Pour ce qui est de la main, ça risque de marcher mais d'être long...

J'utilise effectivement PhoneWiev depuis un bon moment. Génial pour mettre des notes dans l'iTouch mais c'est sur l'iTouch que je veux faire les recherches.

MyToDos... pas très clair de savoir si on peut entrer vraiment du texte et il n'est pas fait mention de recherche possible.

Merci en tout cas pour tes conseils.


----------



## Anonyme (16 Juillet 2008)

Tu peux passer par Evernote
Voici une capture d'écran pour te montrer qu'il est possible de faire une recherche


----------



## Gwen (16 Juillet 2008)

phil3 a dit:


> J'utilise effectivement PhoneWiev depuis un bon moment.
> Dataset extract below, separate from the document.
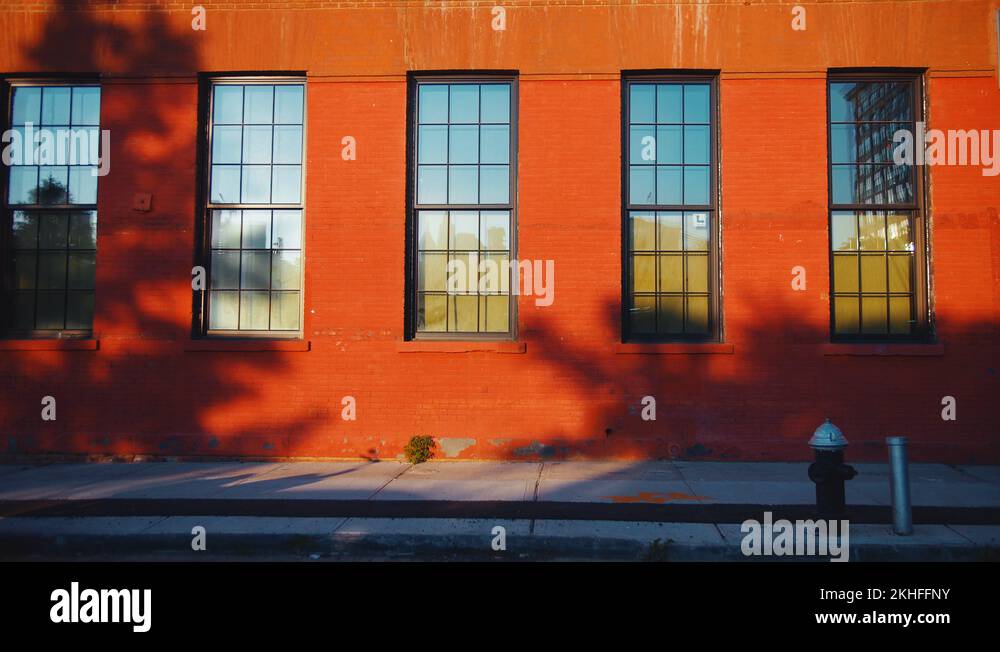 Bright buildings Stock Videos & Footage - HD and 4K Video Clips - Alamy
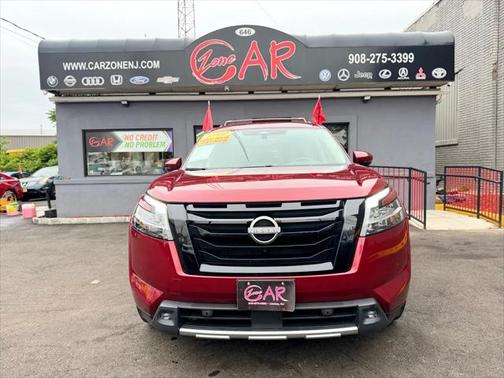 2022 Nissan Pathfinder SL 4WD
Génial pour mettre des notes dans l'iTouch mais c'est sur l'iTouch que je veux faire les recherches.



Comme tu parlais de synchro avec le Mac, je pensais que tu souhaitais faire des recherches sur ton ordi.

Concernant les autres logiciels, comme Evernote, ils se servent de la base de notes incluses dans l'appareil ou ils en créent une nouvelle?
Dans le second cas, c'est ballot je trouve.


----------



## phil3 (16 Juillet 2008)

Oui j'avais vu, mais il y a un autre problème  : il ne stocke pas les infos si l'iTouch mais sur le web et je ne suis jamais en zone où je peux me connecter lorsque je ne suis pas chez moi.


----------



## phil3 (16 Juillet 2008)

gwen a dit:


> Comme tu parlais de synchro avec le Mac, je pensais que tu souhaitais faire des recherches sur ton ordi.
> 
> Concernant les autres logiciels, comme Evernote, ils se servent de la base de notes incluses dans l'appareil ou ils en créent une nouvelle?
> Dans le second cas, c'est ballot je trouve.



oui en fait je désire pourvoir faire la recherche sur l'un ou l'autre, selon que je suis chez moi ou en déplacement. Le vrai problème est donc la recherche sur l'iTouch


----------



## Anonyme (16 Juillet 2008)

Oui mais quand les notes sont synchro, tu peux les consulter sans avoir de réseau.

Après quand tu crées une note sans être sous réseau, elle se mets en "Pending" et lorsqu'un réseau s'ouvre, Evernote l'envoie automatiquement sur le net et après tu gères le tout via l'application sur ton ordi.


----------



## Macuserman (16 Juillet 2008)

Par contre si je puis me permettre, nous sommes le 16 juillet, même si c'est demain iPhone "three ji" en France, je voudrais rappeler qu'il y a seulement 5 jours qu'AppStore a ouvert...

Vous avez remarqué que les applis ne cessent d'augmenter...alors même si pour le moment il ne semble pas exister l'appli de tes rêves, et que nos suggestions ne conviennent pas, nous on fait ça pour toi, donc tant mieux si ça va, et une prochaine sûrement si ça va pas..., je pourrais volontier parier qu'Intel est la meilleure société sur le marché processeur, même si je ne risque rien sur ce paris, si une appli qui  correspond à ce qu'il te faut sort d'ici 3 semaines !! 
C'est compliqué, je sais...


----------



## phil3 (16 Juillet 2008)

Oui t'inquiète pas, j'ai bien conscience que les choses vont évoluer très vite. Je pose ma question maintenant parce que je suis face à ce problème depuis avant le version 2.0, mais je sais bien que s'il n'y a pas de réponse aujourd'hui, il y en aura peut-être une après-demain.

Merci pour vos réponses.


----------